I am really only going to be giving a high level overview from here on out (higher than what I already have given). I may come back to this in the future, but for now, I just want to know enough to understand some concepts about OSs.

The Processor

• Both the datapath and control for a processor can be designed starting with the instruction set architecture and an understanding of the basic characteristics of the technology. A datapath for a MIPS processor could be constructed based on the architecture and the decision to build a single-cycle implementation. Of course, the underlying technology also affects many design decisions by dictating what components can be used in the datapath, as well as whether a single-cycle implementation even makes sense.

Pipelining improves throughput but not the inherent execution time, or instruction latency, of instructions; for some instructions, the latency is similar in length to a single cycle approach. Multiple instruction issue adds additional datapath hardware to allow multiple instructions to begin every clock cycle, but at an increase in effective latency. Pipelining was presented as reducing the clock cycle time of the simple single-cycle datapath.
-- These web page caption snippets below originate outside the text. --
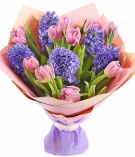Hyacinths and pink tulips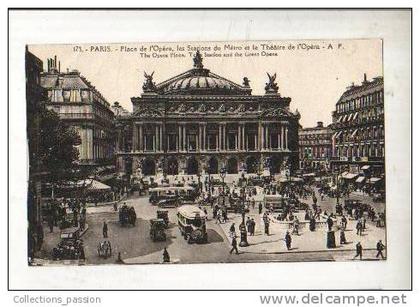 cp, 75, Paris,Place de l'Opéra, Les Stations du Métro et le Théatre de l'Opéra
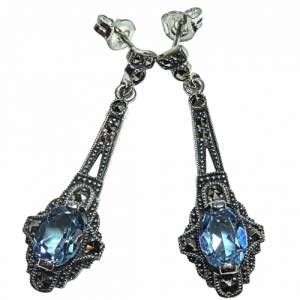 925 Silber Aquamarin Jugendstil Hänge Ohrringe mit handgefassten Markasiten Bild 1
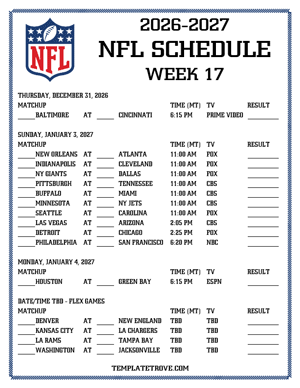 Printable 2026-27 NFL Schedule Week 17 - Mountain Times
Multiple instruction issue, in comparison, clearly focuses on reducing clock cycle per instruction (CPI).

• Scheduling and speculation via prediction both in hardware and software are the primary techniques used to reduce the performance impact of dependencies

Large and Fast: Exploiting Memory Hierarchy

• The difficulty of building a memory system to keep pace with faster processors is underscored by the fact that the raw material for main memory, DRAMs, is essentially the same in the fastest computers as it is in the slowest and cheapest.
• It is the principle of locality that gives us a chance to overcome the long latency of memory access - and the soundness of this strategy is demonstrated at all levels of the memory hierarchy.
• Multilevel caches make it possible to use more cache optimizations more easily because lower level caches are larger than higher level caches and because the lower level cache is not being used as often as the higher level cache - which makes it easier to utilize the lower level cache while the higher level cache is in use.
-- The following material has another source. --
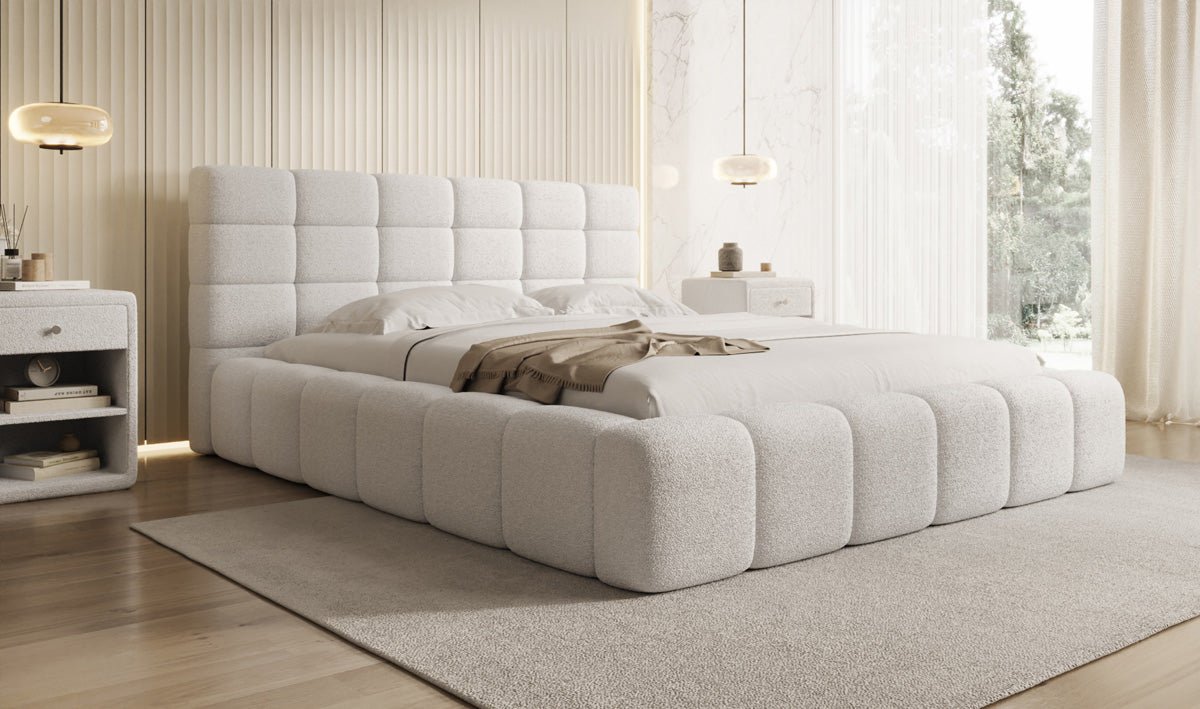 Luxusbetten24 Designer Marshmallow Polsterbett mit Stauraum, Teddy Bouclé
Parallel Processors from Client to Cloud

• Despise this long and checkered past, the information technology industry has now tied its future to parallel computing. Although it is easy to make the case that this effort will fail like many in the phase, there are reasons to be hopeful:
• • The SaaS industry is growing in importance
  • Parallelism is key to economics of software
  • Parallel programming important for multimedia applications
  • The use of parallel processing in scientific and engineering computation is popular
  • All desktop and server microprocessor manufacturers are building microprocessors to achieve higher performance, so there is no easy path to higher performance for sequential applications.